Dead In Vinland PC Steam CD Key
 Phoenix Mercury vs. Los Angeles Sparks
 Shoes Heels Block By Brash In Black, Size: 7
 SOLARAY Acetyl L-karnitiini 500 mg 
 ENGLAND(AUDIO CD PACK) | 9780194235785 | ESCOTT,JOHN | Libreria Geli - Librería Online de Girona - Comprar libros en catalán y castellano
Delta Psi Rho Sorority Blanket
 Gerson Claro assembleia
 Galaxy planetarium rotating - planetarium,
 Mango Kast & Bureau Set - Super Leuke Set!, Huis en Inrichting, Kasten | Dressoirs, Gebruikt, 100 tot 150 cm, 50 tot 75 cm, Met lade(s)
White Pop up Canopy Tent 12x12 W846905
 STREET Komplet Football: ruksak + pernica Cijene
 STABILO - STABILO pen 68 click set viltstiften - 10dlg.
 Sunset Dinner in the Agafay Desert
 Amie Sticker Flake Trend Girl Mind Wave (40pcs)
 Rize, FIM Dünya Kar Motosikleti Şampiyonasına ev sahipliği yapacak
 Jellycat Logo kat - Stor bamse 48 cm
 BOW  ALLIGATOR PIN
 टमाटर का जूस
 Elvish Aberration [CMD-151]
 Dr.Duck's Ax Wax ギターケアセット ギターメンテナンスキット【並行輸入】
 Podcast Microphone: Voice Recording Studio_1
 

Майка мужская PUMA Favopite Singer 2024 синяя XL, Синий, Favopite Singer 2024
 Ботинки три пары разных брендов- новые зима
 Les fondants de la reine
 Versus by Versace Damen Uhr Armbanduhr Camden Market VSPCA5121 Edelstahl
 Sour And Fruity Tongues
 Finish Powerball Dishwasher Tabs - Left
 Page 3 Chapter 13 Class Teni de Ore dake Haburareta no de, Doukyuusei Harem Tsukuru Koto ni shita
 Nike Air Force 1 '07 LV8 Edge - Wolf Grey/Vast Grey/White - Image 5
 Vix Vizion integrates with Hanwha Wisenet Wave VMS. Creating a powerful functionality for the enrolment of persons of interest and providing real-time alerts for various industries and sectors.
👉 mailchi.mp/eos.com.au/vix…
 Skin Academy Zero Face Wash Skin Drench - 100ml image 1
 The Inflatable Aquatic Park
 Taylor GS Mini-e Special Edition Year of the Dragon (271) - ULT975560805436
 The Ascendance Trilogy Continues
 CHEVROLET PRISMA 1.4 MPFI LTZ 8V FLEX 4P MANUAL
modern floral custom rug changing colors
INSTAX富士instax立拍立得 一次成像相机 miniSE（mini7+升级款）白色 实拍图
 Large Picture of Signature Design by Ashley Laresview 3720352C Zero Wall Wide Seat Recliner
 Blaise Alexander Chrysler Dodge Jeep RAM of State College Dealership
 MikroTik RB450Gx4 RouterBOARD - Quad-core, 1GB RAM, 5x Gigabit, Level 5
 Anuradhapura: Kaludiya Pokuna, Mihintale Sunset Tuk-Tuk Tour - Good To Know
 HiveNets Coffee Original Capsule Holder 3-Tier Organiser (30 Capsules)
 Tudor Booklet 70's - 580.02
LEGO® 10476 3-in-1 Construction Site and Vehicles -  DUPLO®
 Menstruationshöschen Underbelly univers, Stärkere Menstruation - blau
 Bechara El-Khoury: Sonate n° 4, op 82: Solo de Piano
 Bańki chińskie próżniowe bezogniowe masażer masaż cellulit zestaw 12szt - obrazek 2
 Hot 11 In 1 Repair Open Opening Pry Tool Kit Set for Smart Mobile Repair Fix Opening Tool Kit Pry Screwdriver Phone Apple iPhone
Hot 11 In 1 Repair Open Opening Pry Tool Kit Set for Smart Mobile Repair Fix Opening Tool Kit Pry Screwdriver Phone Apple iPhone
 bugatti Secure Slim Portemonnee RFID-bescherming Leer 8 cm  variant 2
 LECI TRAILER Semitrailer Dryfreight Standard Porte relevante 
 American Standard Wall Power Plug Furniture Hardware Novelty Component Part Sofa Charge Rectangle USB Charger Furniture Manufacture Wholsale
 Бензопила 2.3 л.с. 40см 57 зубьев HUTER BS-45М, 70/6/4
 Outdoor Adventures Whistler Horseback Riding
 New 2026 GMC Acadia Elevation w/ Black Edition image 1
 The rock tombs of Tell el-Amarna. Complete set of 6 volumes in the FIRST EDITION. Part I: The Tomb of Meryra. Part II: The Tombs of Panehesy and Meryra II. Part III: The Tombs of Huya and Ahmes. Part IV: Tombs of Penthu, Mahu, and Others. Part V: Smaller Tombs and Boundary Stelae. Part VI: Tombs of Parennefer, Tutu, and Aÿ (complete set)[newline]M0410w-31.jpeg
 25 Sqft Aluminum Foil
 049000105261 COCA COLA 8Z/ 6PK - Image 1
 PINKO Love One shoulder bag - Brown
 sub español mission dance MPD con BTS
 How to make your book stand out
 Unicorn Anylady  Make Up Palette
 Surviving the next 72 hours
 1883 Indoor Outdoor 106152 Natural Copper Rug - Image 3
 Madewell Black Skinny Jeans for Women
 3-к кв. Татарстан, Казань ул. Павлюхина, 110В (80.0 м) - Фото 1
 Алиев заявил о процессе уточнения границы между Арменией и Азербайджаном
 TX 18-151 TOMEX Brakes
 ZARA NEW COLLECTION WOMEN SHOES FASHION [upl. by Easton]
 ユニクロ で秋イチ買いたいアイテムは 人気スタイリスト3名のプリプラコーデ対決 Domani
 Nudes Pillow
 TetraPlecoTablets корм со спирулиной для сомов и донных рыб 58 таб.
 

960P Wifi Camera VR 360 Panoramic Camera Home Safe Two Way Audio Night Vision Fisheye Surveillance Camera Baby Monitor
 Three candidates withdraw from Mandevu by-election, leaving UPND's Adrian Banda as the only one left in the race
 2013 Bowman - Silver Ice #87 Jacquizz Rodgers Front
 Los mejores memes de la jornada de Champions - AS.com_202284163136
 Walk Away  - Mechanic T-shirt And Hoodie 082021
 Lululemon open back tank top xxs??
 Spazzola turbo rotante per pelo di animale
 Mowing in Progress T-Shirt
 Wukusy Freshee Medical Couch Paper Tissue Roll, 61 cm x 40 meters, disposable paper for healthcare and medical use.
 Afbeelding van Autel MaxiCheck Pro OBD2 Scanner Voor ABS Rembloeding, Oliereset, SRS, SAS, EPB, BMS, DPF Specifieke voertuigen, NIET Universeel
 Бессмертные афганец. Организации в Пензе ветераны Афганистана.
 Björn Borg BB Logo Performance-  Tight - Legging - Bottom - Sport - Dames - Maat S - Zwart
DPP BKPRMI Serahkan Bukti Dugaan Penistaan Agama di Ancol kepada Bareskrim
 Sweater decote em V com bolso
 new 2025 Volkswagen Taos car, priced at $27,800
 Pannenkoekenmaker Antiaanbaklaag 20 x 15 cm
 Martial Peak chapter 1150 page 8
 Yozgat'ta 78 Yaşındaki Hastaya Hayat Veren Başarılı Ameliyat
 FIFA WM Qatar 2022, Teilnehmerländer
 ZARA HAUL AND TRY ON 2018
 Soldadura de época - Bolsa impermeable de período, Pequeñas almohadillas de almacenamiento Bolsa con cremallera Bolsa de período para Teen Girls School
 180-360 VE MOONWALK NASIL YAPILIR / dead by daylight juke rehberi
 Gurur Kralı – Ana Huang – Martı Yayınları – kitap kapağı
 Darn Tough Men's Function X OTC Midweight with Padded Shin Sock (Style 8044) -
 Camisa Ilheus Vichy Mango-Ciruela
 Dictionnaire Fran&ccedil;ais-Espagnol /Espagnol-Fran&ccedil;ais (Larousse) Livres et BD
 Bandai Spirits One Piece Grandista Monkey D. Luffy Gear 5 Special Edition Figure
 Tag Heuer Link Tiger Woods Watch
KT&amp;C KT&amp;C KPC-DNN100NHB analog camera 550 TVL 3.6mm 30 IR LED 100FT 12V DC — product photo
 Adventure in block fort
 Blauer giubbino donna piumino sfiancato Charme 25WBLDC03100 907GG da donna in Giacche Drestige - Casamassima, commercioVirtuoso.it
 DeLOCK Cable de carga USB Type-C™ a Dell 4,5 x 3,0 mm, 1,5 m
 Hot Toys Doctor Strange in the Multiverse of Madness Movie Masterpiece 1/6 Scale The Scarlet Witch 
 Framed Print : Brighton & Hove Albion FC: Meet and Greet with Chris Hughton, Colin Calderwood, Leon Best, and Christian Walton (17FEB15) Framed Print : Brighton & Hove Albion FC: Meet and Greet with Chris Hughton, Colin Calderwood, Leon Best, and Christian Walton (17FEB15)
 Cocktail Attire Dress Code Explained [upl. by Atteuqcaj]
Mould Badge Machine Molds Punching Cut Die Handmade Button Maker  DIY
┄┄┄┄┄┄┄┄┄┄┄┄┄┄┄┄┄┄┄┄
What needs to be done: Every line of the material above that includes the string "Special" is required.

Answer to the problem:
 Taylor GS Mini-e Special Edition Year of the Dragon (271) - ULT975560805436
 Bandai Spirits One Piece Grandista Monkey D. Luffy Gear 5 Special Edition Figure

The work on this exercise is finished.